I have the following problem. I have a dataframe which look like this.
Dataframe1
start end
0 0 2
1 3 7
2 8 9
and another dataframe which looks like this.
Dataframe2
data
1 ...
4 ...
8 ...
11 ...
What I am trying to achieve is following:
For each row in Dataframe1 I want to check if there is any index value in Dataframe2 which is in range(start, end) of Dataframe1. If the condition is True, I want to create a new column["condition"] where the outcome is stored.
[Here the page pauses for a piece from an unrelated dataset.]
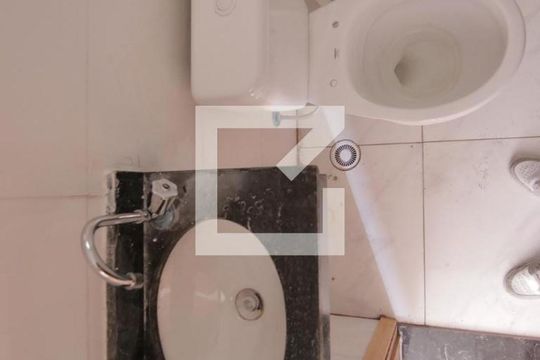 Banheiro de apartamento para alugar com 2 quartos, 35m² em Parque das Paineiras, São Paulo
Since there is the possiblity to deal with large amounts of data I tried using numpy.select.
Like this:
range_start = df1.start
range_end = df1.end
condition = [
df2.index.to_series().between(range_start, range_end)
]
choice = ["True"]
df1["condition"] = np.select(condition, choice, default=0)
This gives me an error:
ValueError: Can only compare identically-labeled Series objects
I also tried a list comprehension. That didn't work either. All the things I tried are failing because I am dealing with a series (--> range_start, range_end). There has to be a way to make this work I think..
I already searched stackoverflow for this paricular problem. But I wasn't able to find a solution to this problem. It could be, that I'm just to inexperienced for this type of problem, to search for the right solution.
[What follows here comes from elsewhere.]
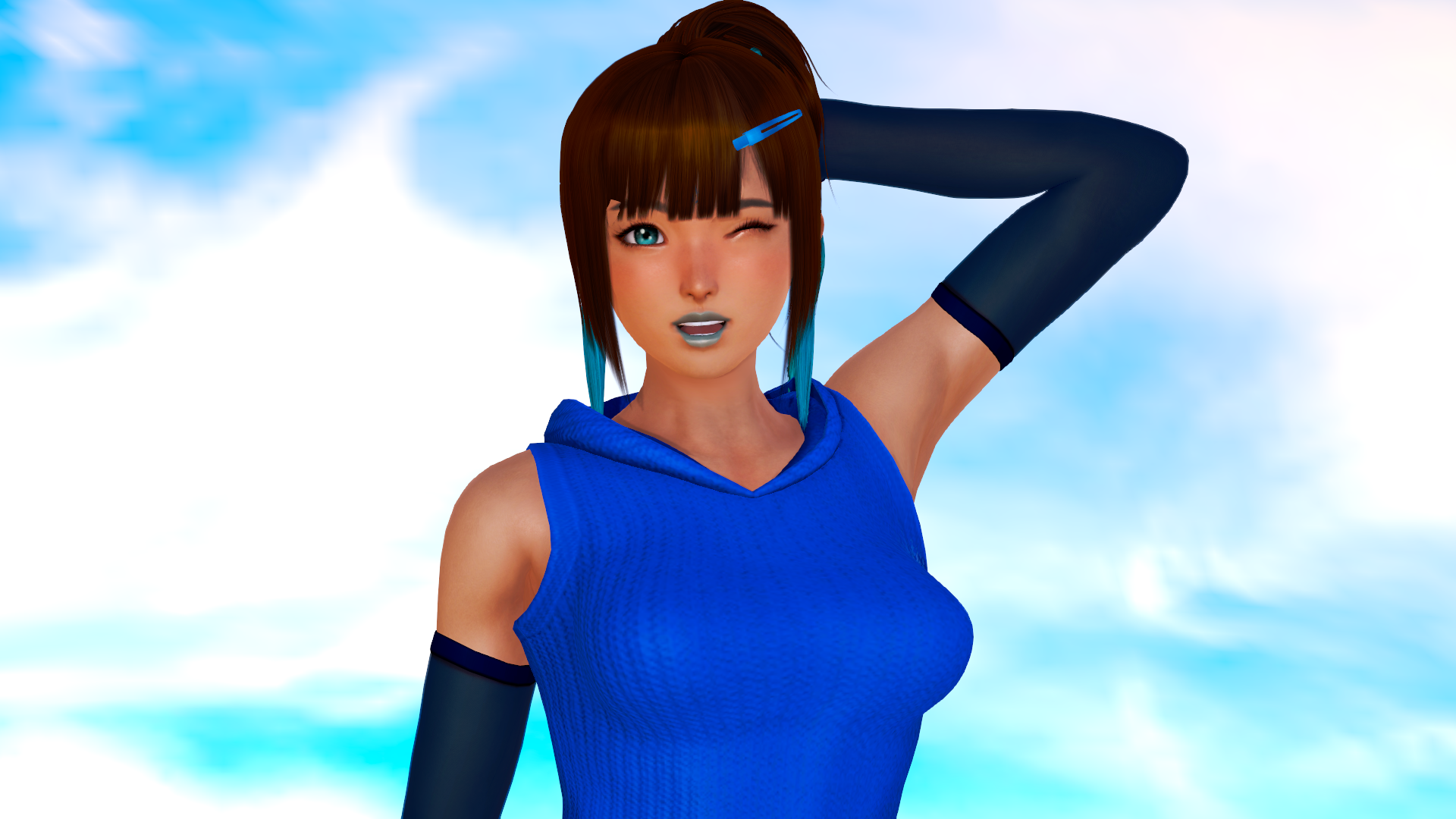 Blue Dreams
So maybe you can help me out here.
Thank you!
expected output:
start end condition
0 0 2 True
1 3 7 True
2 8 9 True
CodePudding user response:
Use DataFrame.drop_duplicates
for remove duplicates by both columns and index, create all combinations by DataFrame.merge
with cross join and last test at least one match by GroupBy.any
:
df3 = (df1.drop_duplicates(['start','end'])
.merge(df2.index.drop_duplicates().to_frame(), how='cross'))
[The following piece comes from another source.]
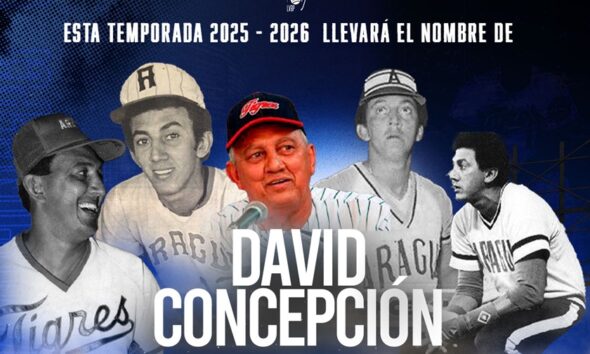 LVBP David Concepción 2025-2026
df3['condition'] = df3[0].between(df3.start, df3.end)
df3 = df1.join(df3.groupby(['start','end'])['condition'].any(), on=['start','end'])
print (df3)
start end condition
0 0 2 True
1 3 7 True
2 8 9 True
If all pairs in df1
are unique is possible use:
df3 = (df1.merge(df2.index.to_frame(), how='cross'))
df3['condition'] = df3[0].between(df3.start, df3.end)
df3 = df3.groupby(['start','end'], as_index=False)['condition'].any()
print (df3)
start end condition
0 0 2 True
1 3 7 True
2 8 9 True